In terms of party composition, those ratios don't really apply, though. Party composition is a much more even spread, in my experience.
 


rough numbers at best

NPCs (world-wide)

"tanks" 40%
"experts" 44%
"clergy" 8%
"magi" 8%

PCs

"tanks" 25%
"experts" 20%
"clergy" 10%
"magi" 45%


My group digs casters...

Edit: Major NPCs :p

"tanks" 10%
"experts" 10%
"clergy" 40%
"magi" 40%
 

Lanefan said:
In a brilliant essay on demographics in another thread, referring to expected class distribution, Sepulchrave wrote:
From my 1e background, somehow I'd got the numbers 40-30-20-10% in my head for distribution...but no big deal there. However, what I've seen played is somewhat different, going about 40-20-20-20%.

Was that based on "this is how I think it should be" or was it based on the DMG demographics table? Also, is that supposed to be player characters? It completely ignores the most common NPC type (commoners don't really fit in any category)?

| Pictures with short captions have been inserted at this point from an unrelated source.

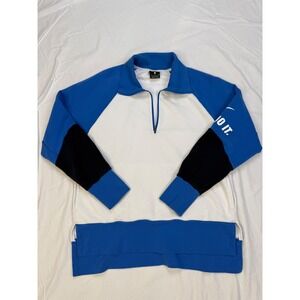 Nike Womens Dri Fit Sportswear Phoenix Fleece 1/4 Zip‎ Pull Over Blue White Sz S
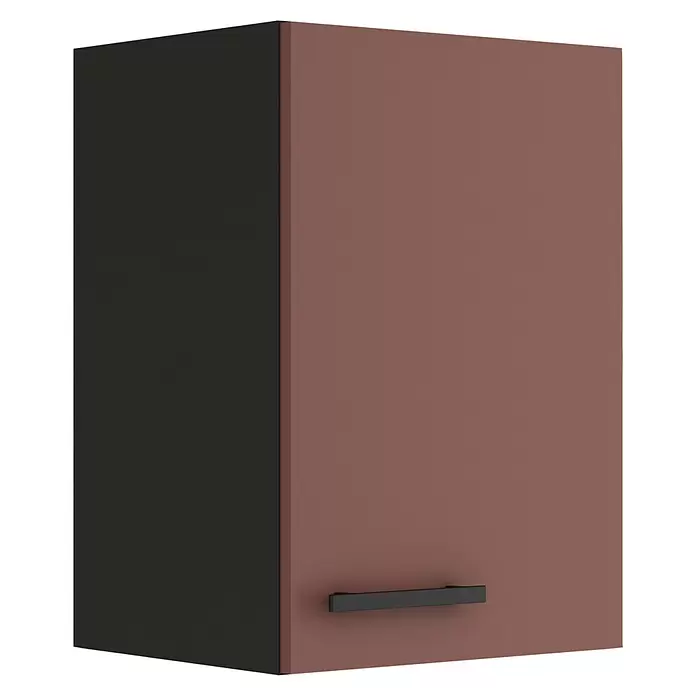 Optifit Nizza407 Hängeschrank - 34,6 x 40 x 57,6 cm, Rostrot - Zweifarbiger Hängeschrank mit terrakottafarbener Front und schwarzer Seitenwand, modernem schwarzen Griff.
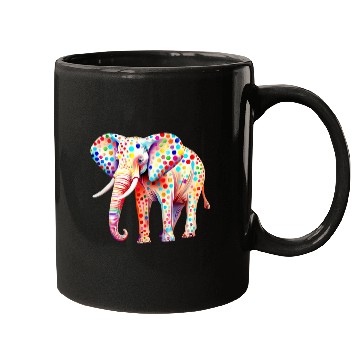 Discover Elephant Pet Dot Day African Elephant September Creativity Dot Design Mugs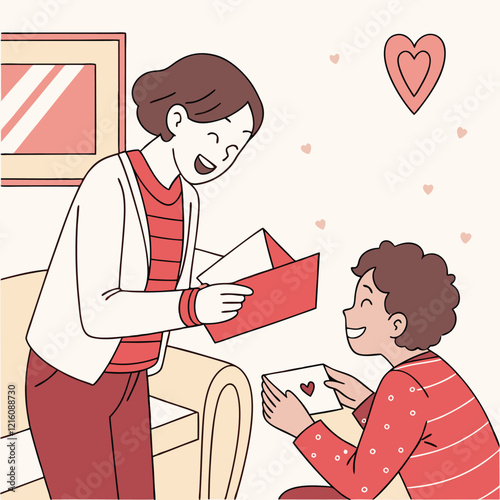 Valentines day holiday getting card with heart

As I run Eberron almost exclusively now, I tend to follow Keith's demographics from the Demographics Dragonshard. I'm not a slave to it, after all it doesn't even touch non-core classes. However, as a rule of thumb I try to get within the ballpark of those numbers.
 

Lanefan said:
In a brilliant essay on demographics in another thread, referring to expected class distribution, Sepulchrave wrote:
From my 1e background, somehow I'd got the numbers 40-30-20-10% in my head for distribution...

That's right out of White Plume Mountain (pretty much the only adventure to give percentages for this): 40% Fighter, 30% Magic-Users, 20% Clerics and 10% thieves.

Cheers!
 

Philotomy Jurament said:
I'd say 50/30/10/10, in the campaign world. Also, I consider all adventuring classes to be exceptional. That is, there are plenty of warriors out there that aren't Fighters. There are a lot of priests that aren't Clerics. Plenty of criminals that aren't Thieves. There are even some hedge magicians and shamen that aren't magic users.

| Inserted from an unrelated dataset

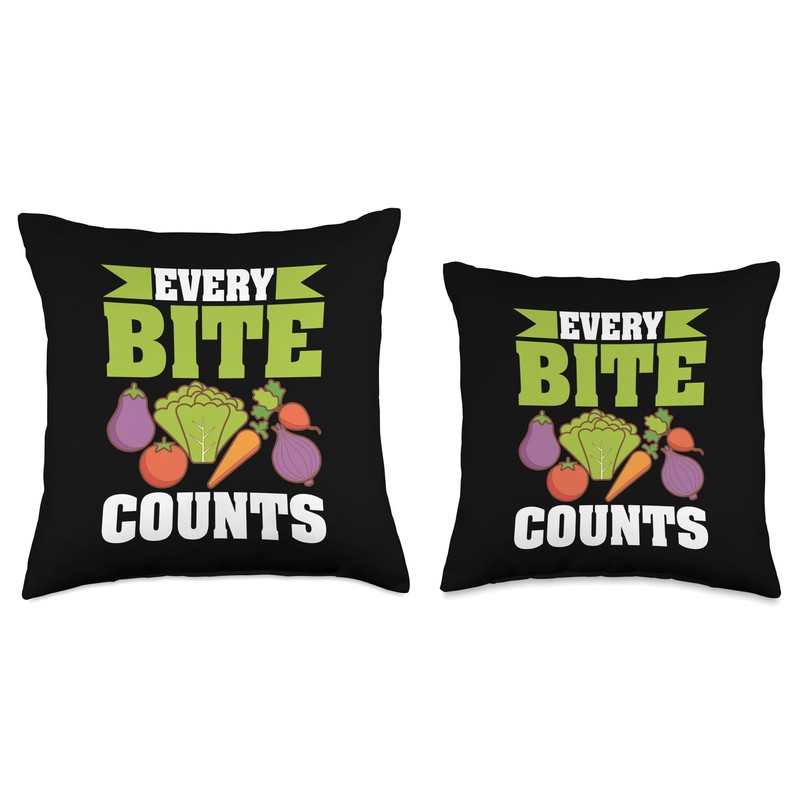 Every Bite Counts Veganism Design For Vegan Throw Pillow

In terms of party composition, those ratios don't really apply, though. Party composition is a much more even spread, in my experience.

I concur, more or less, though it varies from region to region and just comes out to about that much overall. I.E. in gnomish communities the ratio is probably more like 30/25/15/30, for example.

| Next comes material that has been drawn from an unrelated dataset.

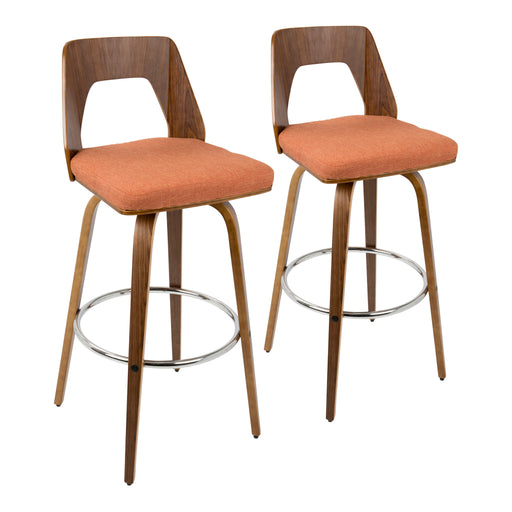 Pair of Lumi Source Trilogy Mid Century Modern Barstools, set of 2, featuring sleek wooden seats and metal legs for contemporary style.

Plenty of NPC priests are not spellcasters, but instead Experts or similar. Some people claim to be wizards or sorcerers but don't have any actual spells, just Expert levels and skill at alchemy, herbalism, bluffing, and sleight of hand. Most NPC combatants are Warriors. Most NPC thieves are just Commoners or Experts. Many NPC shamans are just Adepts.
 

MerricB said:
That's right out of White Plume Mountain (pretty much the only adventure to give percentages for this): 40% Fighter, 30% Magic-Users, 20% Clerics and 10% thieves.

Cheers!
Thanks! Only for some reason I thought the order was F-C-T-MU...why?

When talking about such things I'm only referring to characters that make it into played parties, whether as PCs, NPCs, or whatever. I really couldn't care much about whether this reflects the rest of the world's distribution or not; if 75% of all levelled beings in the world are Warriors, that's fine, but if the character log shows me only 35% of the played characters have been Warriors that's what I look at when wondering if Warriors are being overplayed, underplayed, or are about right, based on the 40-30-20-10 breakdown.

My Riveria game went surprisingly close to an even 40-20-20-20 (all were within 1%). I'd have to do some more serious number-crunching to figure out what we've had over all the games (3 huge ones, 4 mid-size ones, and half a dozen one-offs) I've got records of.

Lanefan
 


We've turned the tide on those numbers: healing potions are always available in any village/town so we've pretty much eliminated the cleric.

Yea, otherwise, I can see those numbers being pretty much true in any standard high-magic D&D campaign.